As the GCF gears up for GCF-2 (2024-2027) with an updated Strategic Plan and revised Readiness Strategy, and as countries build the institutional arrangements to operationalize Article 6, it is worth considering how these processes intersect and whether they should at all. In this context, the purpose of this blog is twofold:


  • To explore how the GCF supports the advancement of carbon market and pricing approaches, either through institutionalized means or ad-hoc country requests

  • And to present options for integrating these approaches in a more formal and structured way to support Article 6 operationalization and the orderly expansion of the carbon pricing system.

Smart Agriculture

Carbon Market Integration Across GCF Institutional Infrastructure


The GCF's institutional infrastructure, including its mandate, governing instrument, top-level policies and regularly updated strategies such as the Strategic Plan and Private Sector Strategy, only tangentially address carbon markets and pricing. While there is no explicit mandate from the Board or guidance from the COP, the GCF’s governing instrument acknowledges the use of results-based financing approaches to incentivize mitigation actions and explains in strategies and guides the various ways in which the Fund can support carbon market and pricing initiatives.

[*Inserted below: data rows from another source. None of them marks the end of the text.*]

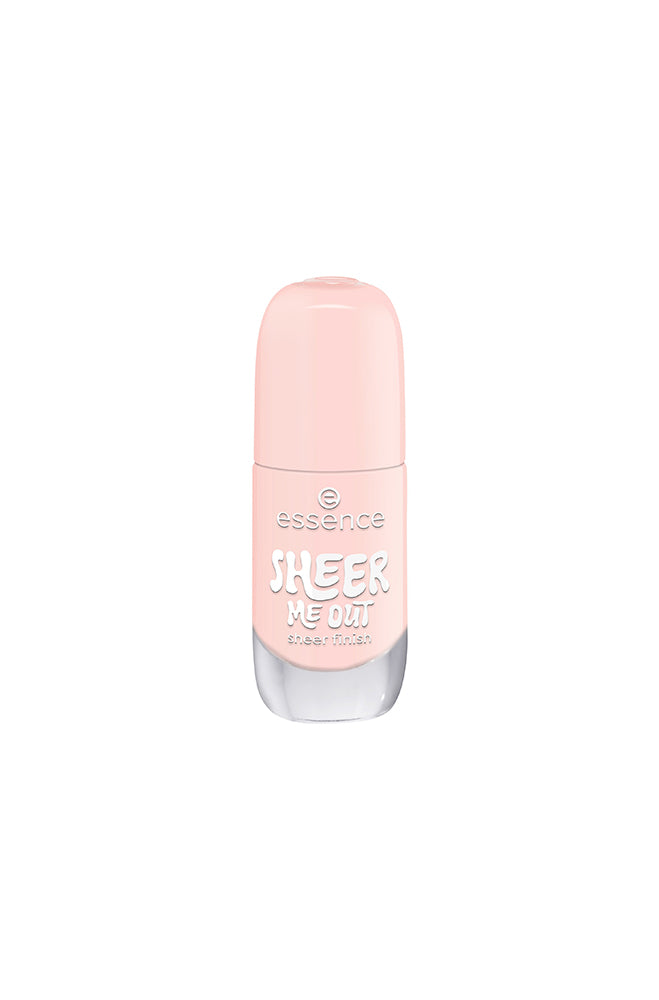 ESSENCE GEL NAIL POLISH 04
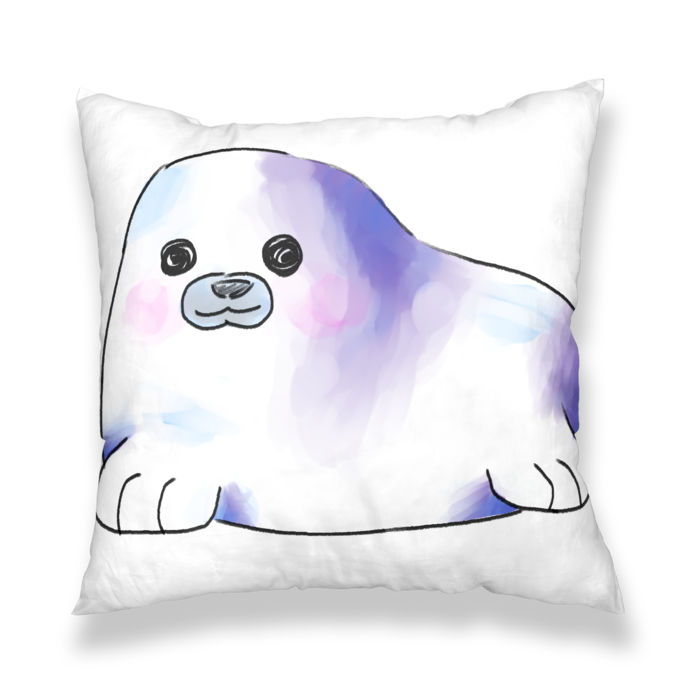 クッションカバー - 450x450(mm)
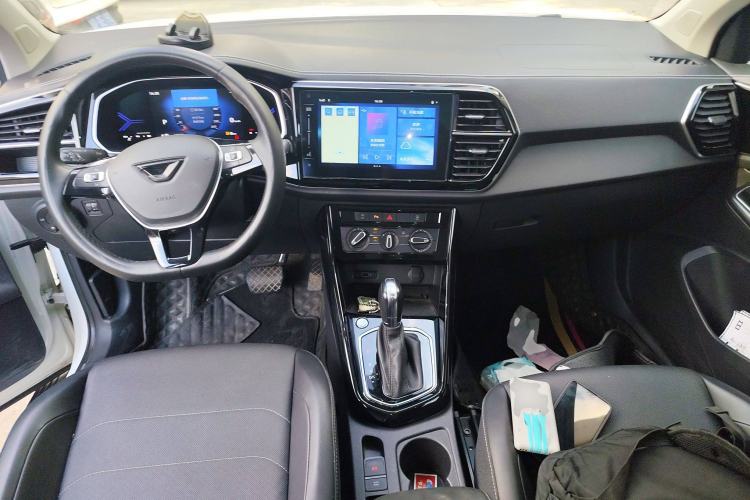 Used Jetta VS7 2022 Panda Edition 1.4T Automatic Enjoyment Pro Version Interior 2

The first step in operationalizing the results-based feature enshrined in the governing instrument was the pilot program for reducing emissions from deforestation and forest degradation (REDD+) results-based payments (RBPs), which had allocated almost its entire USD $500 million envelope by 2020 primarily to projects in Latin America. Notably, while REDD+ RBPs are not traded in carbon markets, GCF staff have characterized REDD+ carbon credits as de facto RBPs. This interpretation underscores how the GCF pilot has provided opportunities to enable carbon credits and potentially serve as a steppingstone to meet the surging demand for high-quality carbon credits in the private sector.


Ecuador and Costa Rica, which have received USD $18.6 million and USD $54.1 million, respectively, from the GCF pilot program exemplify how strategic reinvestment in initiatives can unlock carbon credits. Beyond REDD+, at least one approved project in Bangladesh highlights the use of a results-based financing approach where incentives are disbursed when clean cooling technologies are sold, used and verified.


The case for private sector involvement in carbon pricing is outlined in the Private Sector Strategy. As reflected more broadly in the Readiness Guidebook, one of the four pillars of the GCF’s Private Sector Strategy is to promote private sector engagement by using the Readiness Programme proposals to support national actors in developing policies and strategies such as carbon pricing.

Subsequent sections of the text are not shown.